Example 10/10 adds another precedence level and a %prec clause to the EBNF grammar:

%right Number;
%left '-';

expr:     subtract | minus | number;
subtract: expr '-' expr;
minus:    '-' expr %prec Number;
number:   Number;

This — deliberately — gives the unary minus less precedence than the binary minus. The same input now evaluates to -3.

It is instructive to trace both evaluations. With the rule %prec clause,

5  (0) $eof         reduce  expr: minus;             -3

is the last reduce message, without it it is

4  (0) $eof         reduce  expr: subtract;          1

i.e., with lower precedence minus is the last operation, with higher precedence for minus the subtraction is last.

Both examples are EBNF grammars because they contain alternatives for expr, but both require the stack-based parser because of the precedence levels.

The %prec clause is not applied to an EBNF rule — which can have several alternatives — but to a symbol sequence such as '-' expr. Example 10/11 takes this to an extreme:

%right Number;
%left '-';

expr: expr '-' expr | 
      '-' expr %prec Number |
      Number;

The action for this one-line grammar is just based on the number of arguments:

class Actions {
  expr (... arg) {
    switch (arg.length) {
    case 3: return arg[0] - arg[2];
    case 2: return - arg[1];
    case 1: return parseInt(arg[0], 10);
    }
  }
}

Why use Number in the precedence level statement for this example? All that is required is to connect the unary minus with a %prec clause to a terminal symbol which is — for fun — on a level below binary minus. Assigning a precedence to Number through a level statement does not affect the state table and does not introduce a new, otherwise unused terminal symbol.

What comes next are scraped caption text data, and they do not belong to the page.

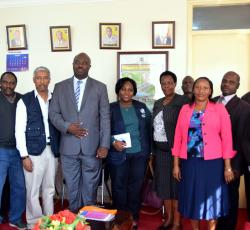 WHO Representative, Dr Yonas Tegegn his staff, and the Kabarole District Chairperson at his office. The Chairperson committed to supporting the preparedness to ensure that the people are kept safe from Ebola.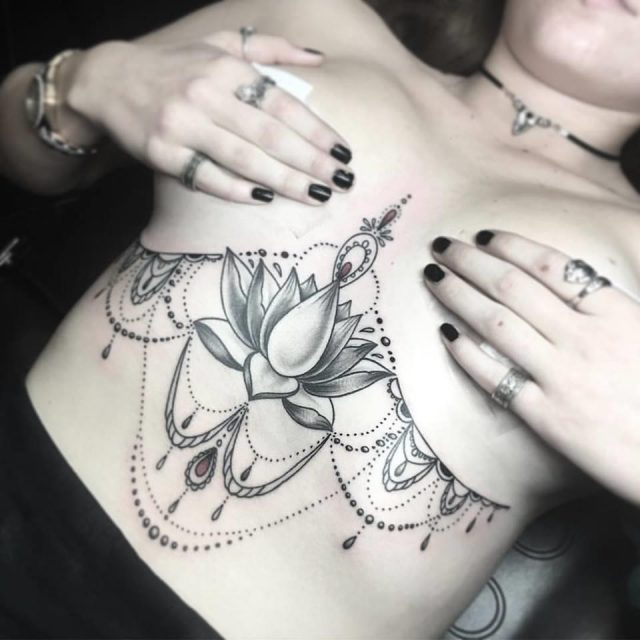 Attractive classic sternum tattoo design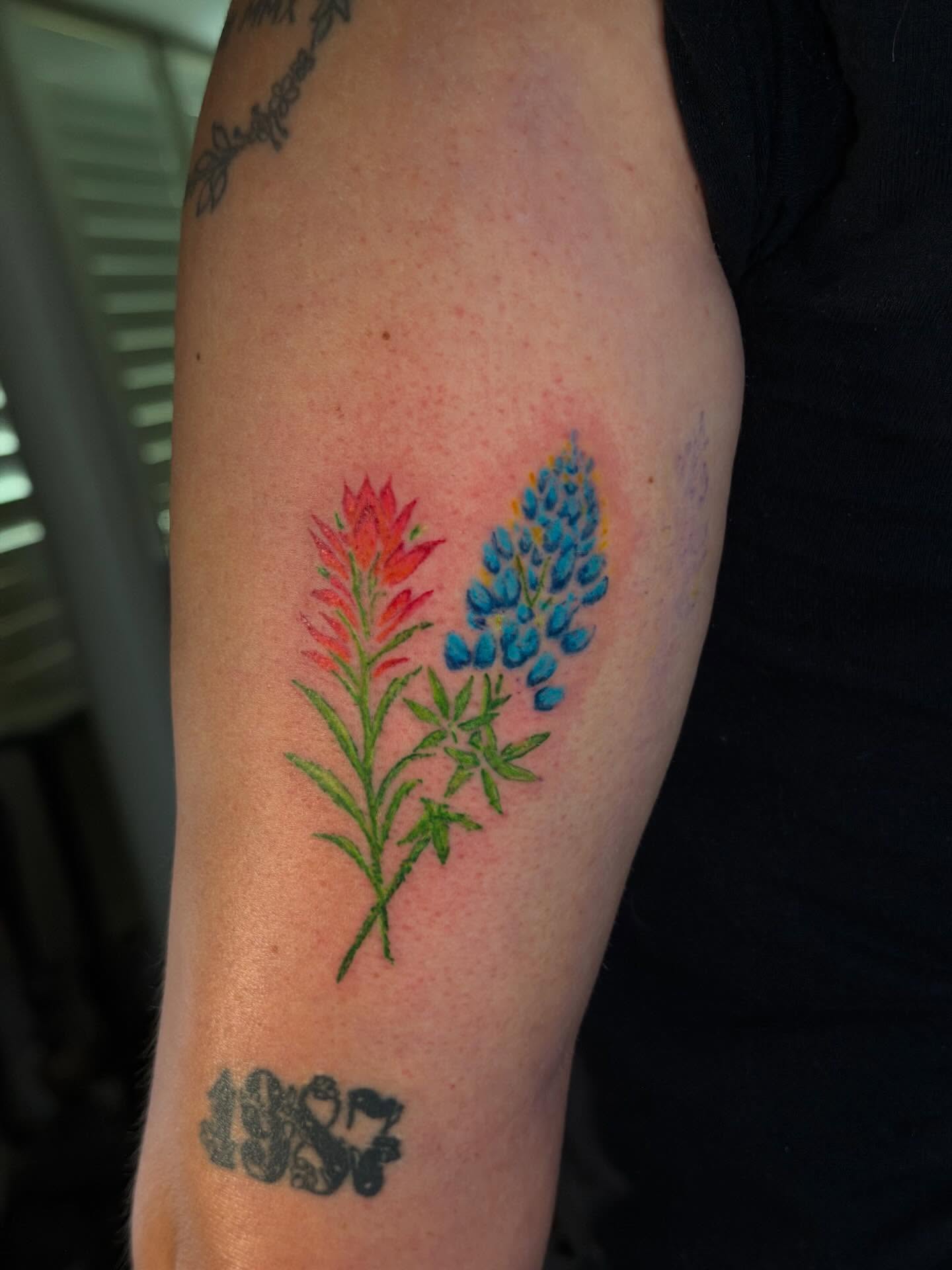 Bluebonnet and Indian paintbrush realism tattoo on the forearm by C.J.K. Roy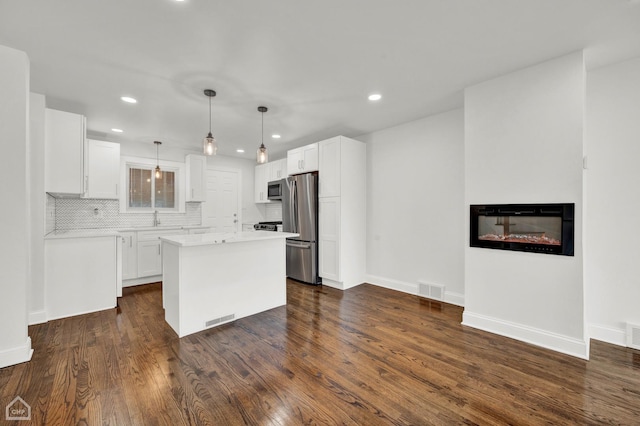 8559 S Drexel Ave, Chicago, IL 60619 - kitchen featuring stainless steel appliances, white cabinetry, a glass covered fireplace, backsplash, and recessed lighting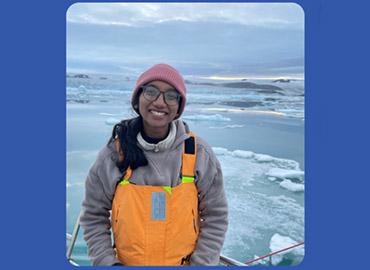 a female scientist in orange overalls standing on a ship with artic ice in the background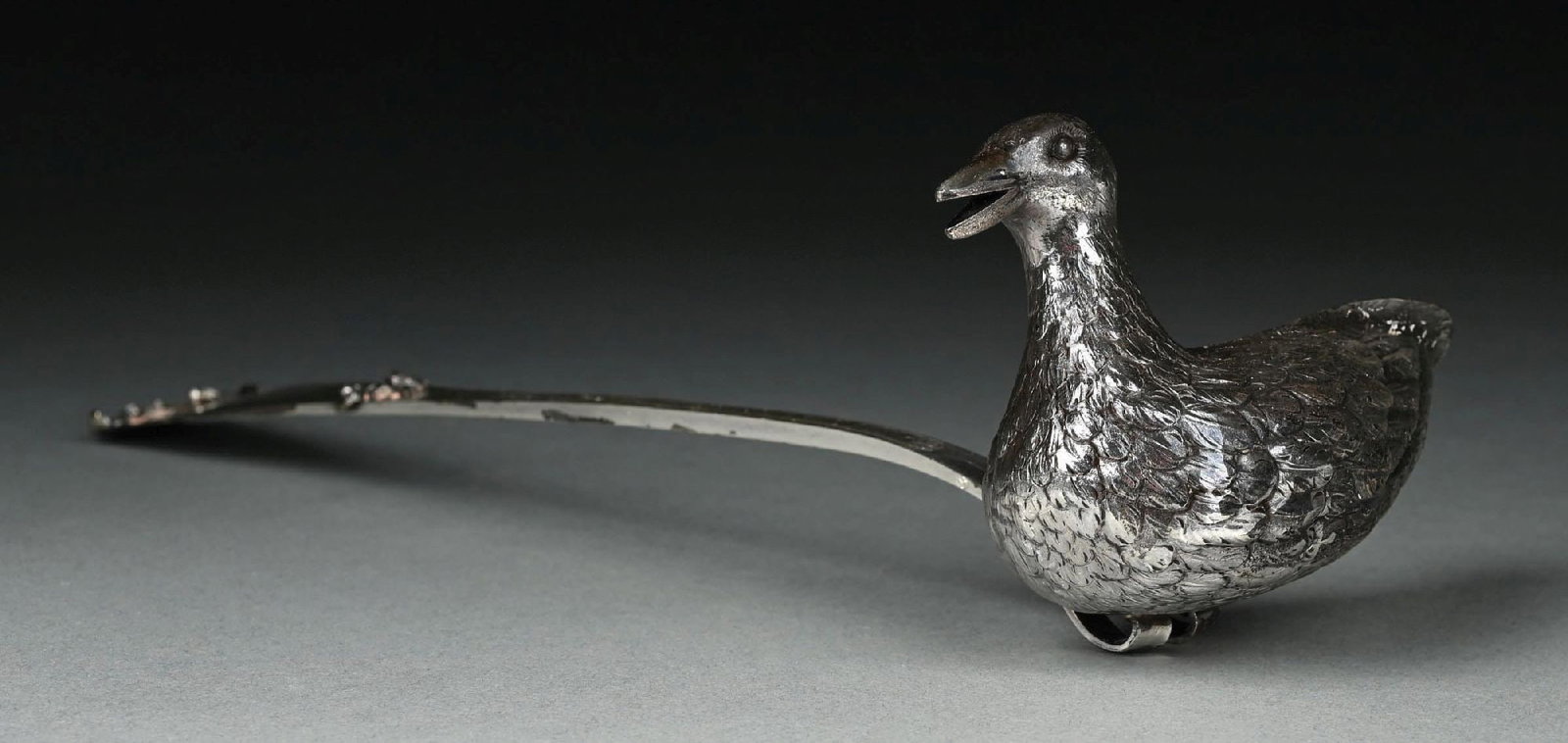 A CONTINENTAL SILVER PUNCH LADLE: The bowl in the form of a duck, chased with feathers and with a spout mouth. Length: 13". Weight: 7.0 ozt. Condition: Dimensions: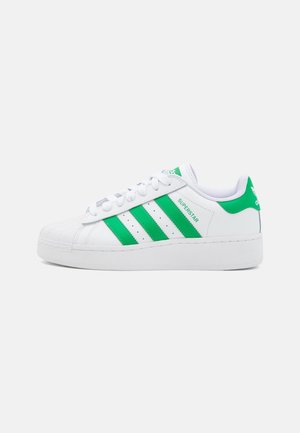 Baskets Adidas Superstar blanches avec des rayures vertes, languette et logo au talon, dotées de lacets à l'avant et d'une coque en caoutchouc à l'avant.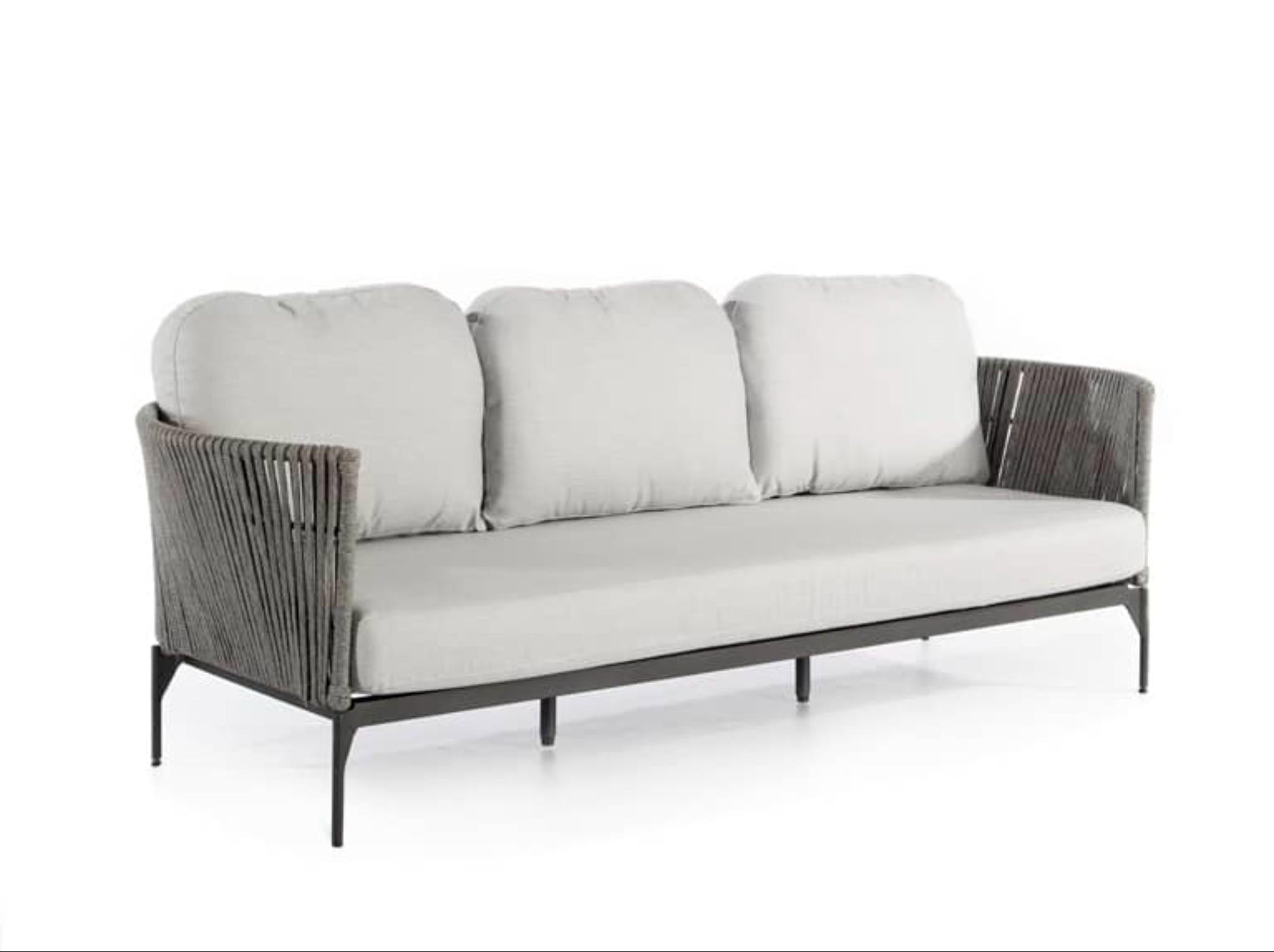 Skyline Design Boston outdoor lounge set with light grey woven sofa, chairs, and tables for stylish outdoor seating.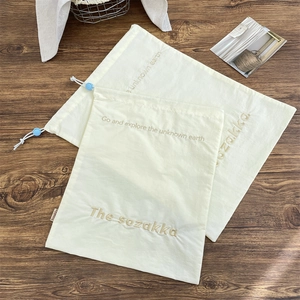 Detail of cream drawstring bags with blue toggles and embroidery on wooden background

Trick question: without a %prec clause and without changes to the grammar structure, how can

-1 -- 2 ---- 4

be evaluated as either -7 or 5?

Conflict Resolution

Precedence objects represent precedence levels and contain associativity and a list of terminals which are at the same level of precedence. Grammar objects for either EBNF or BNF contain a list of Precedence objects in order of increasing precedence; for EBNF they can only be used when translating to BNF.

BNF.Lit and BNF.Token objects, EBNF.Seq and BNF.Rule objects can have a .prec property with similar information which can be set up during construction because the precedence table has to precede the rules of a grammar.

The Grammars' Grammars for EBNF and BNF contain the appropriate syntax and the bootstrap process described in chapter nine includes the necessary actions to create the representations.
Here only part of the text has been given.